[lnkForumImage]
TotalShareware - Download Free Software

Confronta i prezzi di migliaia di prodotti.
Asp Forum
 Home | Login | Register | Search 


 

Forums >

comp.lang.ruby

[ANN] ICU4R 0.1.0 - initial release

Lugovoi Nikolai

1/19/2006 8:14:00 AM

==ICU4R v.0.1.0 - initial release ==

= Abstract

ICU4R is an attempt to provide better Unicode support for Ruby, based
on ICU library.

Project Site: http://rubyforge.org/proje...

Download: http://rubyforge.org/frs/download.php/8116/icu4r-0....

RDoc: http://icu4r.ruby...

= Install Notes

To build ICU4R you'll need GCC and ICU v3.4 libraries, which can be
downloaded from
http://ibm.com/software/globalization/icu/dow...

Build and install:
ruby extconf.rb && make && make check && make install

= Features

ICU4R is Ruby C-extension binding for ICU library.
It is NOT mirroring full ICU object hierarchy, but is rather set of simple
interfaces for some practically useful functionality, and provides:

- UString : String-like class with internal UTF16 storage;
- UCA rules for UString comparisons (<=>, casecmp);
- Unicode regular expressions;
- encoding(codepage) conversion;
- Unicode normalization;
- access to resource bundles, including ICU locale data;
- transliteration, also rule-based;

Bunch of locale-sensitive functions:
- upcase/downcase;
- string collation;
- string search;
- iterators over text line/word/char/sentence breaks;
- message formatting (number/currency/string/time);
- date and number parsing.

== DISCLAIMER ==

The code is slow and inefficient yet, can have many security and memory leaks,
bugs, inconsistent documentation, incomplete test suite. Use it at
your own risk.

Critics, bug reports, feature requests are welcome :)
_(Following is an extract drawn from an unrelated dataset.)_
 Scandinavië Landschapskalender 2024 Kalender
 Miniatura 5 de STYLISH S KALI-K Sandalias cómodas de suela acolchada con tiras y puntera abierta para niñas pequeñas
WBR, Nikolai Lugovoi <meadow.nnick@gmail.com>


6 Answers

Alex Fenton

1/19/2006 4:34:00 PM

0

Lugovoi Nikolai wrote:
> ==ICU4R v.0.1.0 - initial release ==
>
> ICU4R is an attempt to provide better Unicode support for Ruby, based
> on ICU library.

Thanks, this is really interesting - not heard of the ICU library before.

There have been a few threads on Ruby + Unicode recently. Though the answer 'it's not broken' is true in that Ruby won't mess with your low-level UTF-8/16 bytes, the absence of support for semantics of glyphs is a big hindrance for writing multilingual text handling apps. It's things like having character classes like [:alpha:] and methods like String#upcase that actually work. Looks like ICU4r could address this.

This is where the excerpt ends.